Ranchers are concerned that wolves will prey on cattle and sheep, despite analysis of USDA data (conducted on behalf of the Rocky Mountain Wolf Project) that shows wolves predate on just 0.007 percent of cattle that they share territory with across the Northern Rocky Mountains. To address this concern, Initiative 107 would compensate ranchers for verified livestock losses caused by wolves.  

The CSU poll suggests that the opposition is a small minority. But it appears to be well organized, especially in rural areas of the state. One group, the Stop the Wolf Coalition, has garnered support from 38 of Colorado’s 64 county commissions. The coalition’s website displays graphic images of pets and livestock killed by wolves.           
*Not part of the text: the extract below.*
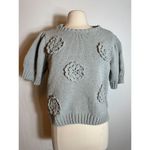 Joie  Chunky Short Sleeve Knit Sweater Top with Flowers Size Large Photo 4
If livestock carcasses and mauled dogs aren’t enough to shock voters about the danger of wolves, the human impact might. A common refrain of the opposition is that wolves might attack humans. But there’s no evidence to support such scare tactics. According to the International Wolf Center, “A person in wolf country has a greater chance of being killed by a dog, lightning, a bee sting, or a car collision with a deer than being injured by a wolf.” In the 25 years since wolves have called Yellowstone home, not a single human has been hurt or killed by a wolf. (The Stop the Wolf Coalition did not respond to multiple requests for comment.)
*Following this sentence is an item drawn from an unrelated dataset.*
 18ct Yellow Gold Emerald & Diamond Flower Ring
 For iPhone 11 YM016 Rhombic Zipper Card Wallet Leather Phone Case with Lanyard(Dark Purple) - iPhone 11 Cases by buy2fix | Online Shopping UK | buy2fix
Rob Edward of the Rocky Mountain Wolf Action Fund says funding is the biggest hurdle between now and November. He’s hoping support will flow in from across the country. “Even though it’s a Colorado vote, it’s of national significance,” he says, since the area in question is federally managed. “People in Brooklyn, or Oklahoma City, or San Francisco should have the same interest in seeing this succeed.”  
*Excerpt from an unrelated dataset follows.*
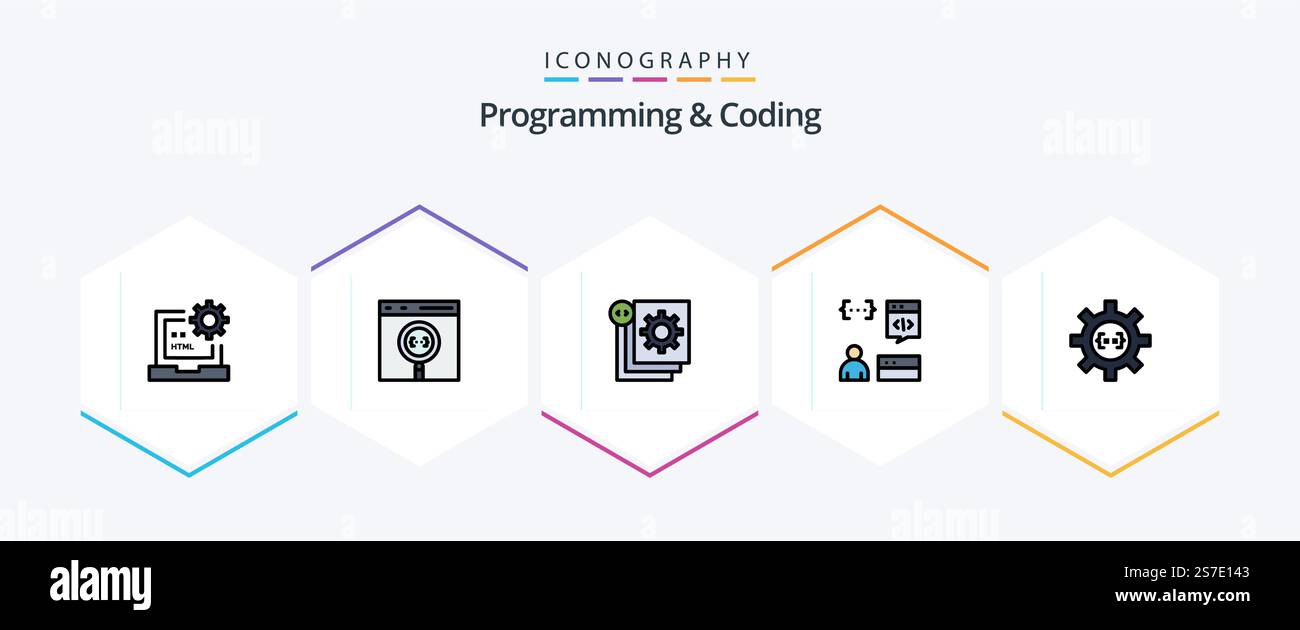Programming And Coding 25 FilledLine icon pack including develop. app. develop. programming. development Stock Vector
If history is any indication, some ranchers and other rural residents might be angered by the notion that folks in population centers like Denver and Boulder (let alone Brooklyn and San Francisco) should have a say in returning wolves to western Colorado. One man writing in the Montrose Daily Press in October likened wolf reintroduction to urbanites letting 50 serial killers loose in a community that isn’t their own. But the management of federal public lands has always been contested. A February report on federal land ownership by the Congressional Research Service observes, “From the earliest days, these options [to reserve federal lands or to sell them for development] took on East/West overtones, with easterners more likely to view the lands as national public property, and westerners more likely to view the lands as necessary for local use and development.” Edward estimates less than half of donations to the Rocky Mountain Wolf Action Fund have come from out-of-state donors.

Wolf advocate Delia Malone grew up on a farm in Nebraska. She remembers her grandparents’ stories about the wolves that once roamed the landscape, and she imagines that bringing the carnivore back to Colorado could be a kind of historical justice. “To be able to restore that is just so emotionally satisfying,” she says. “That is as important, I think, as ecological restoration.”